■ Exercise objective
Transcribe, word for word, only the lines from the one containing "إلى الدعم الفني**" through the end of the material below. Pictures stay out.

*** Data for this exercise ***

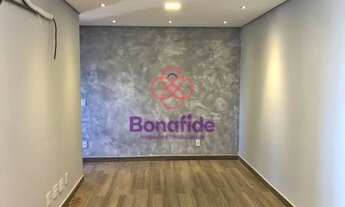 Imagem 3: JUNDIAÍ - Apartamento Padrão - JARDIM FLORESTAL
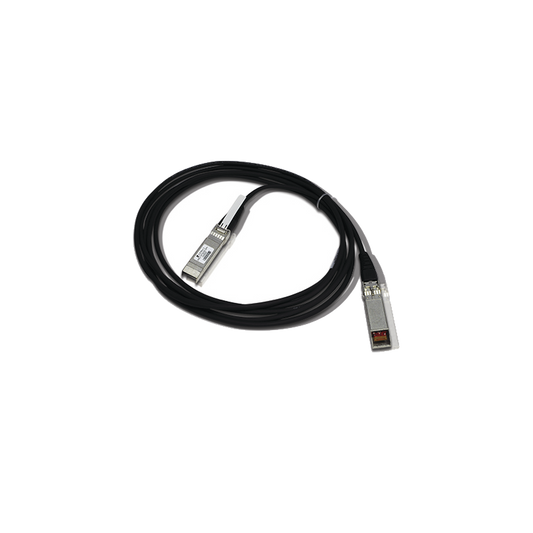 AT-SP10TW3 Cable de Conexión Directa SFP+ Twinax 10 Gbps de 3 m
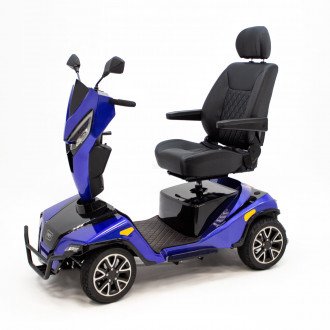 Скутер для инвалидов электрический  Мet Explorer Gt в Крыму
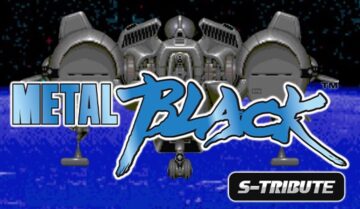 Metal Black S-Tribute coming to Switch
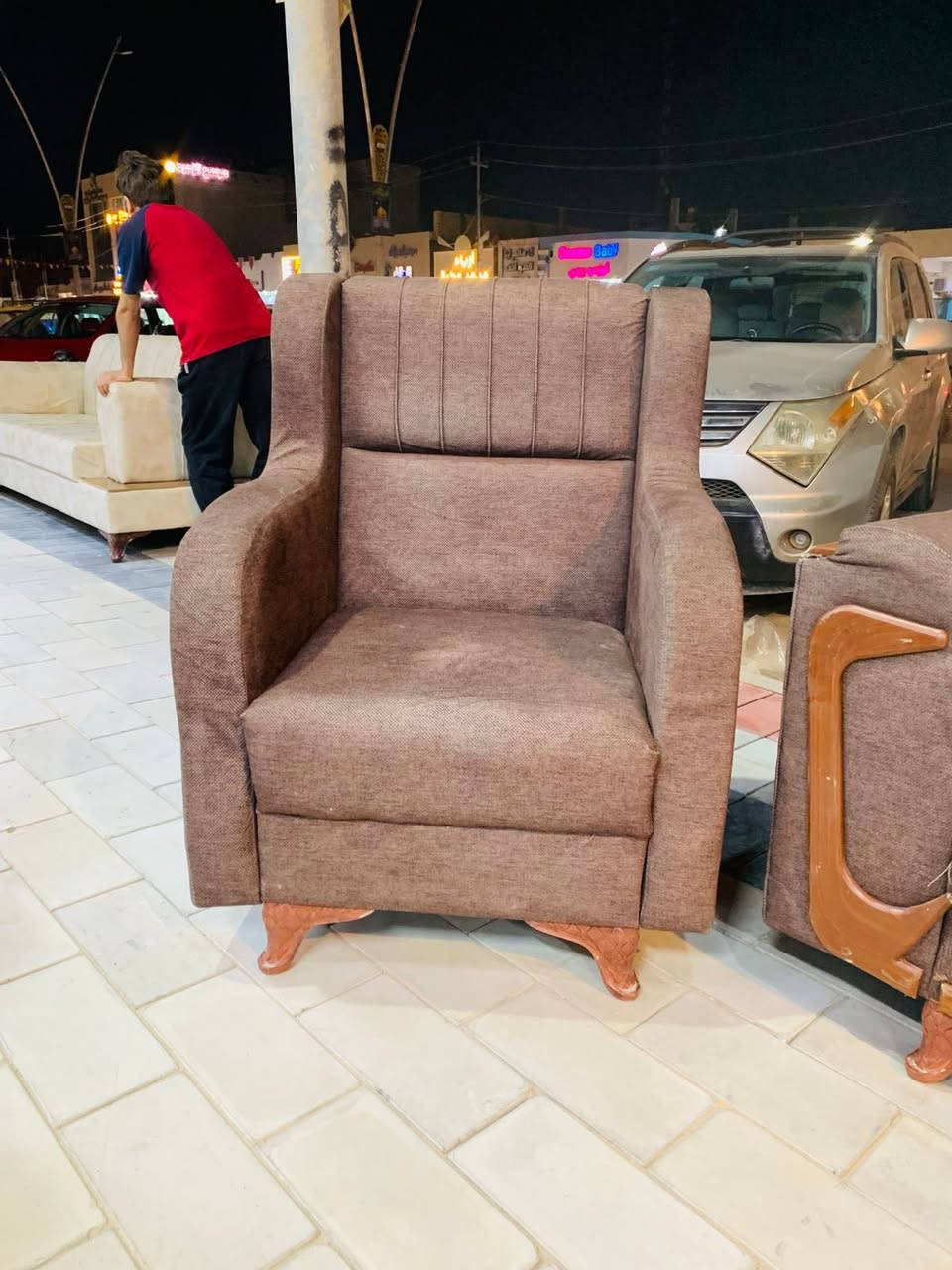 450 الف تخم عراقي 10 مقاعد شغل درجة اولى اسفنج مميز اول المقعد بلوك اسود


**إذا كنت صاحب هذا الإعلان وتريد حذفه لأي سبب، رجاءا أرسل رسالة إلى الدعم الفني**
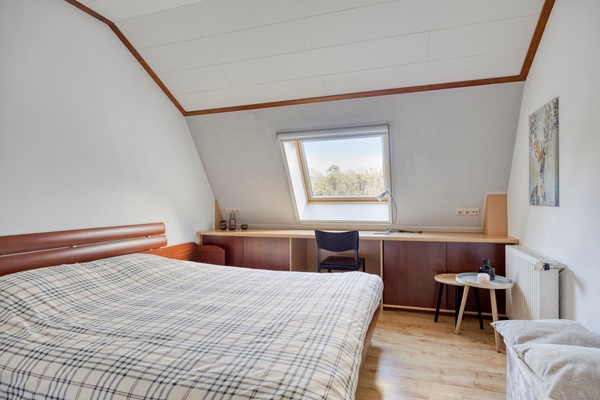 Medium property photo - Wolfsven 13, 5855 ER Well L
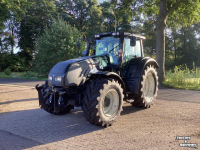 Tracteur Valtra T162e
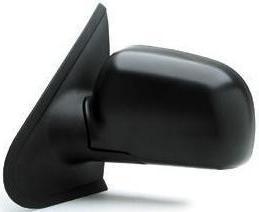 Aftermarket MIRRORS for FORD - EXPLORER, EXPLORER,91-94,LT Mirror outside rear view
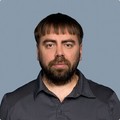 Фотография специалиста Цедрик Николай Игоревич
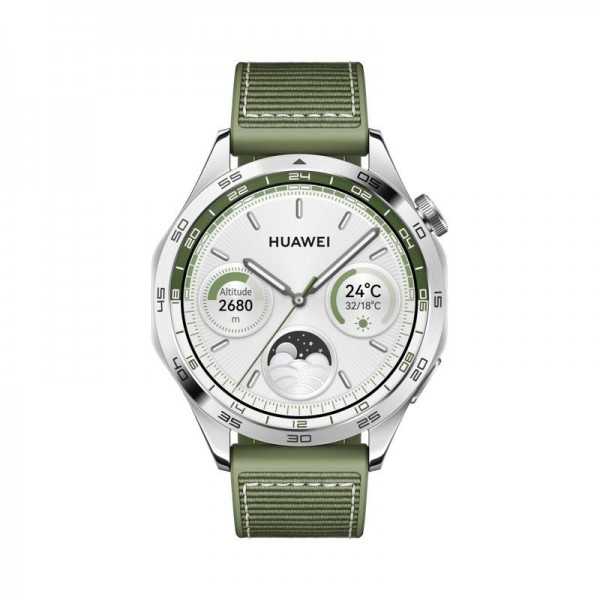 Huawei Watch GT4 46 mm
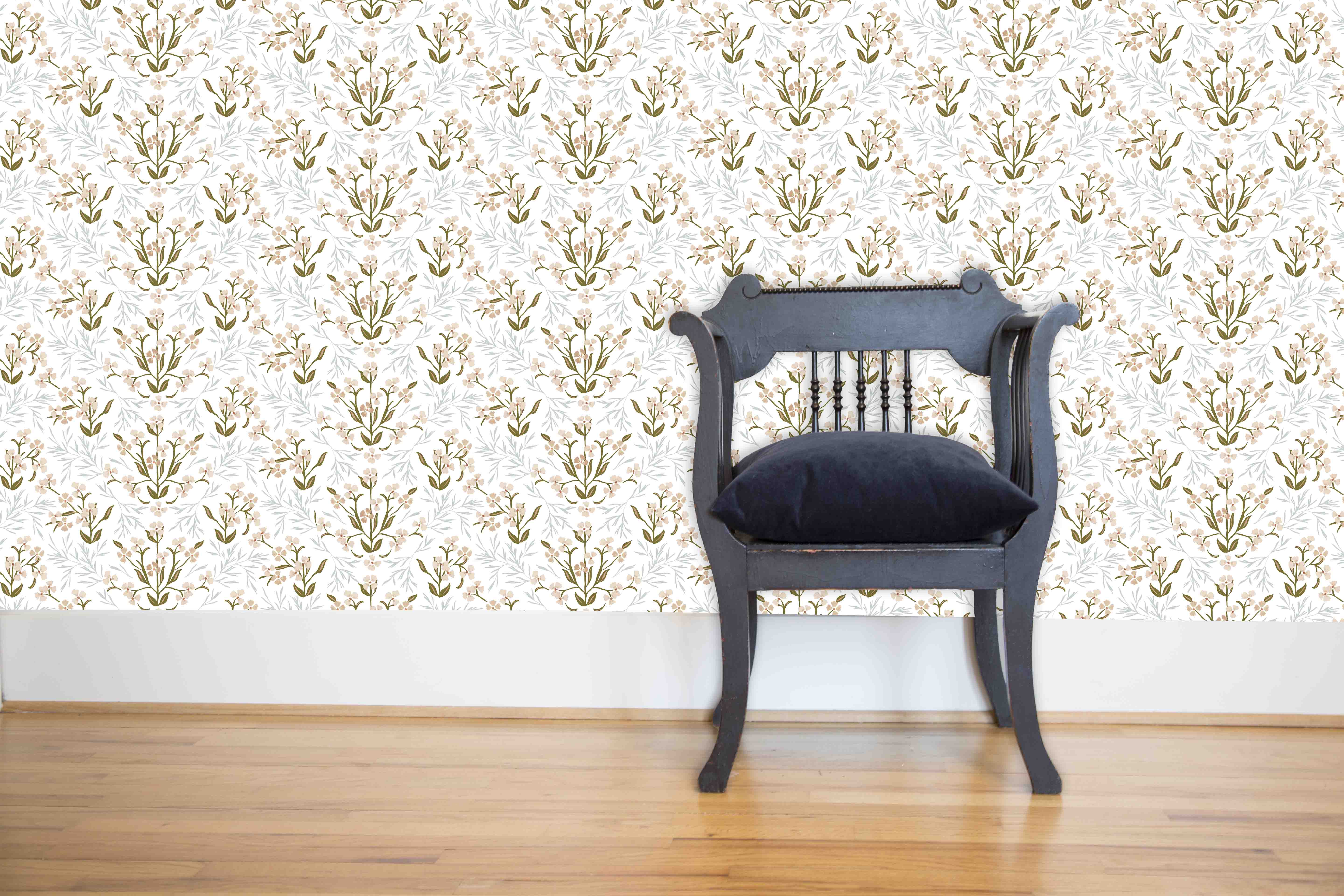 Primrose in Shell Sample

***

■ Your solution
**إذا كنت صاحب هذا الإعلان وتريد حذفه لأي سبب، رجاءا أرسل رسالة إلى الدعم الفني**
 Medium property photo - Wolfsven 13, 5855 ER Well L
 Tracteur Valtra T162e
 Aftermarket MIRRORS for FORD - EXPLORER, EXPLORER,91-94,LT Mirror outside rear view
 Фотография специалиста Цедрик Николай Игоревич
 Huawei Watch GT4 46 mm
 Primrose in Shell Sample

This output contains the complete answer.